A desconcentração da propriedade da terra aumentará a produção de alimentos e empregos

Por Antonio Canuto

Secretário da Coordenação Nacional da Comissão Pastoral da Terra (CPT)

O modelo hegemônico de desenvolvimento, subordinado ao capital, tem como uma das suas principais características o ser concentrador. Concentrador da posse e propriedade da terra, das riquezas e do poder. E hoje, está em curso um processo de concentração dos saberes, da tecnologia e da ciência.

A histórica concentração da propriedade da terra ganha novos contornos e dimensões. Os novos papéis atribuídos ao Brasil – de abastecedor do etanol às frotas automobilísticas do mundo, de provedor de matéria-prima mineral à expansão asiática e de fornecedor de rações e de carnes bovina, de aves e suína – fizeram o país praticamente manter os altíssimos índices de concentração fundiária que teima em exibir.
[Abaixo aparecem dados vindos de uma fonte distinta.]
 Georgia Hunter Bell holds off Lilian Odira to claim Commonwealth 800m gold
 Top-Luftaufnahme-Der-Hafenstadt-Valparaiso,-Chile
Segundo o Censo Agropecuário do IBGE de 2006, o índice de Gini da concentração fundiária passou de 0,856 em 1996, para 0,854 em 2006. A distribuição das terras continua revelando esta concentração, pois, do total de estabelecimentos agropecuários, 84,4% (4.367.502) são estabelecimentos familiares, sendo os restantes 15,6% (807.587) empresariais. Estes ocupam 75,7% de toda a área, enquanto os 84,4% dos estabelecimentos familiares ocupam apenas 24.3% da área. Apenas 15 mil estabelecimentos com mais de 2.500 hectares apropriaram-se de 98 milhões de hectares das terras brasileiras.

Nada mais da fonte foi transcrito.